I use it as a WAF, which is basically a web firewall to monitor and block traffic to our web server. We wanted to have improved security for our not-so-new web server and also for newer technologies. If they can block using geolocation, it can analyze the URLs, and you can basically define folders that are to be blocked or not to be blocked and also rule. So it's a really good product, simple and not too complicated. It does the work. I was pleasantly surprised that it has geolocation blocking and is very easy to allow/disallow folders.
Sucuri could provide help for specific security alerts in-line instead of requiring users to search for it in the help section. Users get errors or EBAs, and if they want to read about it, they need to find it in the help section of the site. It would be more helpful to allow users to see more information and tips immediately from within the alert.
I have been using Sucuri for half a year. I'm not using an on-prem installation. I'm using their software as a service, so I am using the latest version.
I never had any issues with stability. I would rate it a ten out of ten.
It's a cloud service, so it's scalable. I would rate it a ten out of ten. We're a small business.
There's an option to contact technical support for help, but I always manage to find the solution on my own.
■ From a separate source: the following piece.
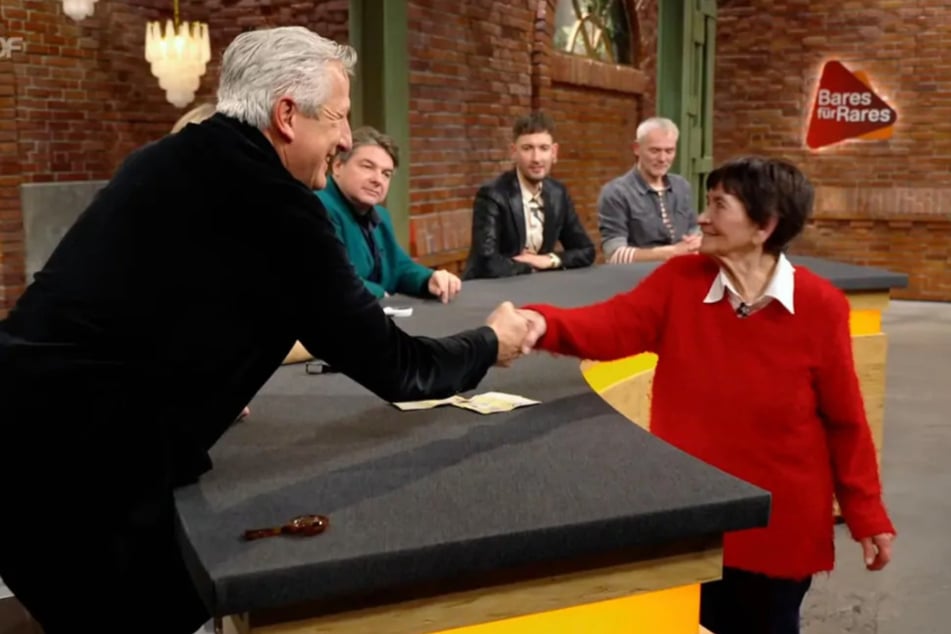 Satte 600 Euro zahlt Händler Markus Wildhagen (60), um die Vase in seinen Besitz zu bringen.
The initial setup is not difficult. You need to direct your DNS to a few clicks to pull me, and then it's basic. The deployment takes just minutes, depending on your DNS setup.
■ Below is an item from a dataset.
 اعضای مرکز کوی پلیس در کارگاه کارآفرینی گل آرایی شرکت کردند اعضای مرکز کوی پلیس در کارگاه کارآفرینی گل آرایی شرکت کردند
For maintenance, you should monitor the reports. For example, if a customer complains that one of their subcontractors cannot work in a certain country that you block, you can allow access to their specific IPs. So it's fairly easy to maintain, and everything is fairly easy to find. One person is required for the maintenance.
There was an ROI. It is worth the investment.
The price is around $25 per site per domain. It's a good price compared to the cost of other similar products that can cost thousands of dollars.
It's not expensive, so I would rate it as one, where ten means very expensive.
I would recommend knowing your data so you can understand if there's an issue and get alerts. Also, make sure to publish it for your APIs or web anytime so you can understand what's going on.
Overall, I would rate the solution a ten out of ten.